Jews in Hebron are willing to risk present dangers because acquiescence is nothing more than a reward for terrorism. Arab terror seeks to expel us from our homes, using murder as a means to an end. However, “our homes” include not only those in Hebron but also in Jerusalem, Tel Aviv and Haifa. New Palestinian textbooks contain maps of “Palestine” that include the entire state of Israel.

Eviction from Hebron, the first Jewish city in Israel, would be tantamount to the removal of Americans from Boston or Philadelphia upon terrorist demands. Except, of course, that American history is less than 250 years old; Jewish history in Hebron is more than 3,700 years old. Hebron, home of Abraham, is not just the place where Judaism got its start.
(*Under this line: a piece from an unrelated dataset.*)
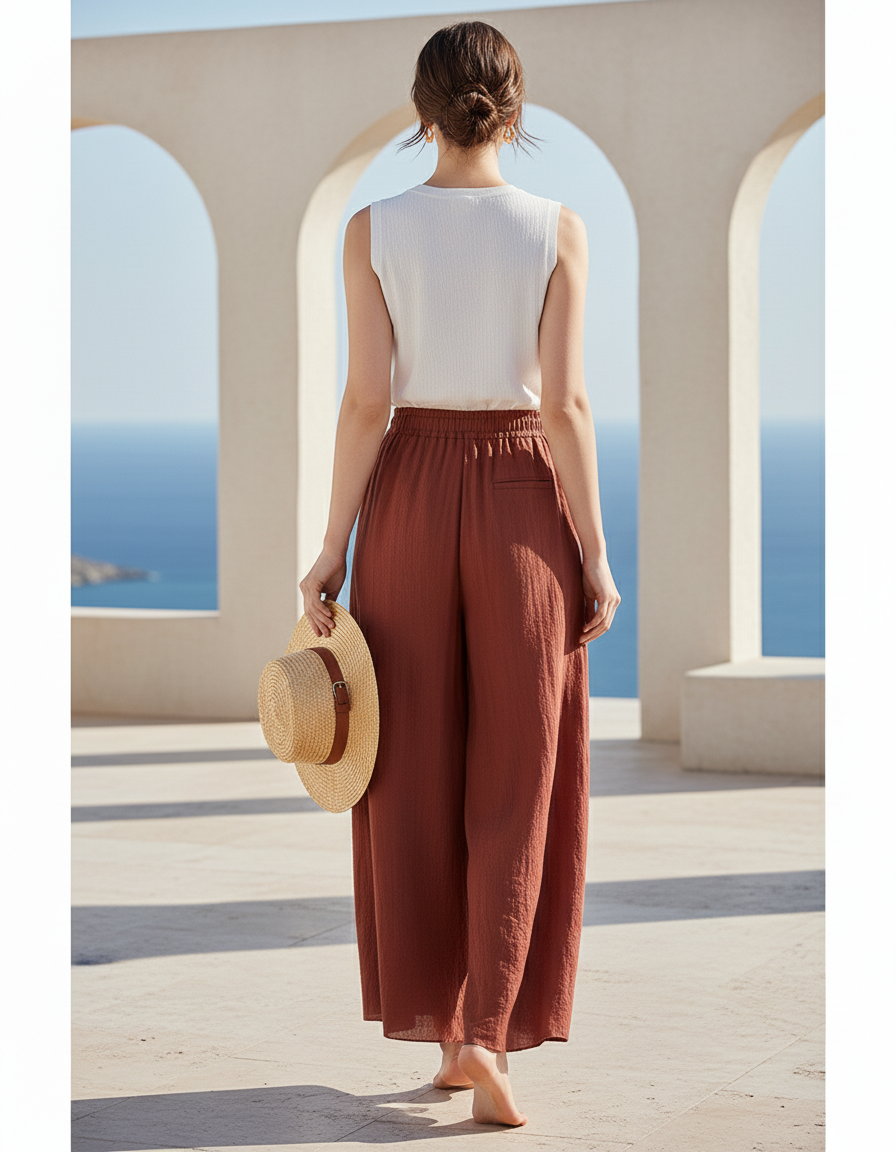 Pantalon En Lin Ample Marron Fluide Décontracté Femme - vue 2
It is the source of monotheism in the world.

Jewish people in Israel and around the world support a strong, vibrant Jewish presence in Hebron. We do not expect an Israeli government to attempt to follow in the footsteps of the British and expel Jews from the city. In any case, we would never abandon our homes.

Besides which, why should the state of Israel be forced to chop off its roots to appease Arab terror? We know the result of eradicating the roots of a tree. God forbid that Israel should suffer such a fate.

David Wilder is a spokesman for Hebron’s Jewish community.